Employer-employee transparency gap widens retention risks

While most employers say they don’t plan to reduce headcount this year, almost half of employees plan to find a new job in the next six months, a global report shows.

Amidst growing job security concerns, almost half of employees (49%) in a global survey are planning to actively look for a new job in the next six months.

However, redundancies are not top of mind for most employers in a global report. Nearly two-thirds (63%) have planned no reduction in headcount for 2026, and 57% plan to maintain current headcount, according to the 2026 Workplace Trends Report: The New Employment Equation by global talent and recruitment company Morgan McKinley.

“One of the strongest themes our global research found is that workforce anxiety is beginning to affect employees,” the report said. “As they become more uncertain about job security, restructuring, AI disruption, and future career prospects, they naturally become more defensive in how they behave at work.”

Employees who feel their job is at risk are more likely to start applying elsewhere (85%) than upskill (64%), build their professional network (51%), save more money (51%), or explore contract or freelance opportunities (42%).

While 64% said they would immediately look to upskill if faced with job insecurity, only 23% said they receive sufficient support to upskill. Over half of employees (56%) in the report believe their employer underinvests in professional growth.

Artificial intelligence (AI) and data skills were the highest development priority for employees. AI also was identified as one of the main skills that hiring managers are struggling to find in talent pools. Employers are focused on talent development, the report found, but that focus was unclear to employees.

“Organisations that combine transparency with a strong focus on career development are likely to be better positioned to attract and retain talent,” the report said.

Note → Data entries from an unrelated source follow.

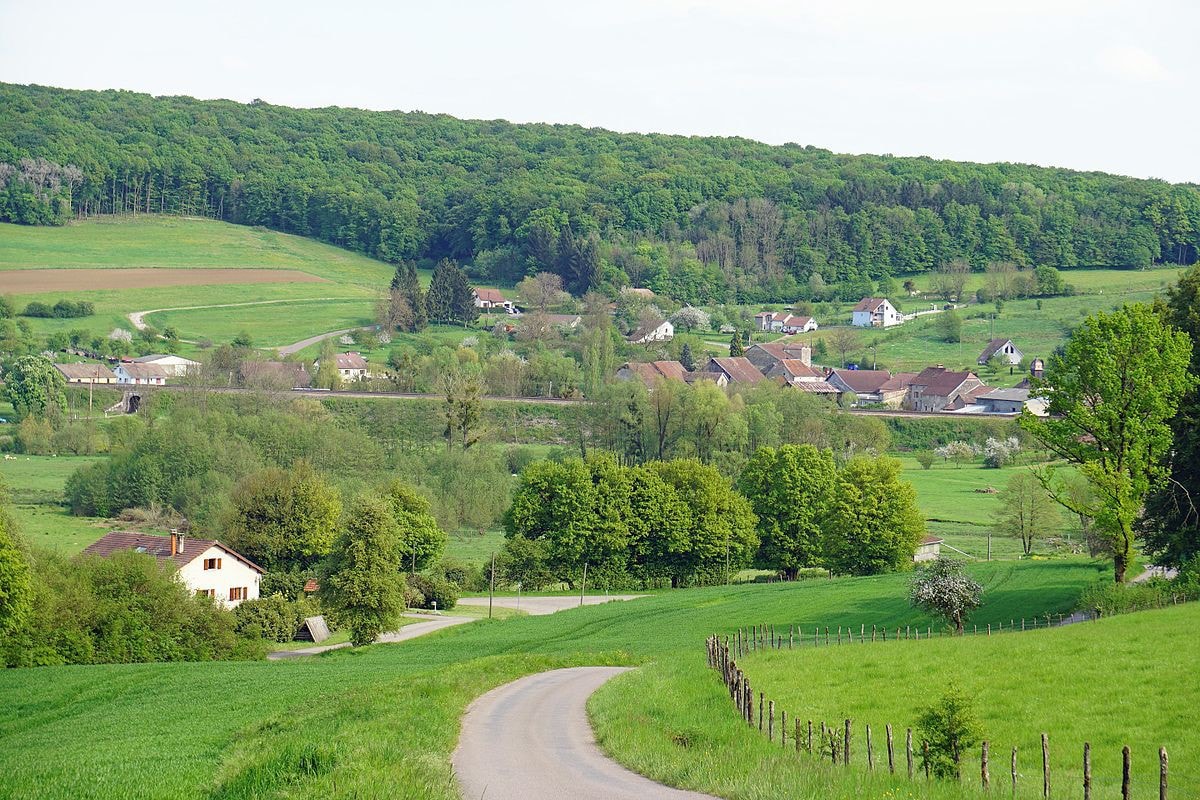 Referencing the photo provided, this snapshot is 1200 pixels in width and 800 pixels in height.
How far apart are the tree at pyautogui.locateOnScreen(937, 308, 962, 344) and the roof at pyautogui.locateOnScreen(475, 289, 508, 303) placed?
57177mm

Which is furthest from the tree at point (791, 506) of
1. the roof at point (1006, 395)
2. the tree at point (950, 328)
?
the tree at point (950, 328)

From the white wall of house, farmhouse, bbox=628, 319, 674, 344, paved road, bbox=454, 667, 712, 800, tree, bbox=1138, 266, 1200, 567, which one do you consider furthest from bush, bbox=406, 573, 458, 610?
farmhouse, bbox=628, 319, 674, 344

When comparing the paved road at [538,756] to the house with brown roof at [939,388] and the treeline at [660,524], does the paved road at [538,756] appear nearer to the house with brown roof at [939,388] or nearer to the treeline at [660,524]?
the treeline at [660,524]

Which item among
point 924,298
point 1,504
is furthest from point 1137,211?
point 1,504

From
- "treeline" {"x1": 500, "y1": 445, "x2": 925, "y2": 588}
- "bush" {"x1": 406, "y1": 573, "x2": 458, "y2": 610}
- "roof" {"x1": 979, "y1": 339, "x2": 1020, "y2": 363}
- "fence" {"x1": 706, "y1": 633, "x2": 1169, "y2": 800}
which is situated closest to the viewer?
"fence" {"x1": 706, "y1": 633, "x2": 1169, "y2": 800}

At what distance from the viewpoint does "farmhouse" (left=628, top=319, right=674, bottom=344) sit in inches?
5969

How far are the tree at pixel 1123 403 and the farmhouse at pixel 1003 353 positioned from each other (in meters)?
94.2

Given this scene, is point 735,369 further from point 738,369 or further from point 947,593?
point 947,593

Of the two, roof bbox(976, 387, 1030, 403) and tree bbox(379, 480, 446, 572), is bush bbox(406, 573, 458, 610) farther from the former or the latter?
roof bbox(976, 387, 1030, 403)

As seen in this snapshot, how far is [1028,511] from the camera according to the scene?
7156cm

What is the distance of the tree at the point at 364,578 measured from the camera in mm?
52062

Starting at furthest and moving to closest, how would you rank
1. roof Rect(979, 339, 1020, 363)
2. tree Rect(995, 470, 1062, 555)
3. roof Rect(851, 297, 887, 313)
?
roof Rect(851, 297, 887, 313) → roof Rect(979, 339, 1020, 363) → tree Rect(995, 470, 1062, 555)

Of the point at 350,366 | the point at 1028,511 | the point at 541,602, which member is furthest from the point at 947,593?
the point at 350,366

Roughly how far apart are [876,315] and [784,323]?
1084 cm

The communication gap between employers and employees is also evident when it comes to perceptions about salary.

Nearly 70% of employees reported no salary increase over the past six months, up from 65% last year. But almost half of employers (48%) said they raised pay across their organisations, though over half (52%) kept new hire offers flat compared with offers in the previous year.

“The findings indicate that employees experience pay stagnation more acutely than employer data alone would imply,” the report said. Despite perceptions of pay stagnation, 48% of employees remain optimistic about receiving a pay increase over the coming 12 months.

Overall, the leading driver of retention is not financial. For most employees, working from home remains the most valued benefit (70%), followed by health insurance and a bonus (both at 65%). Employers view flexible work patterns (49%), career progression (45%), and a good benefits package (36%) as important nonsalary levers for attracting talent amidst salary pressures.

Even though 64% of employees said flexible working influences their decision to accept or decline job offers, almost half of employers (47%) are pushing for more than three days a week in the office, the report found. For employees with a hybrid preference, 45% want to spend one or two days a week in the office.

Morgan McKinley based the report on the responses of about 2,800 employees and 200 employers globally.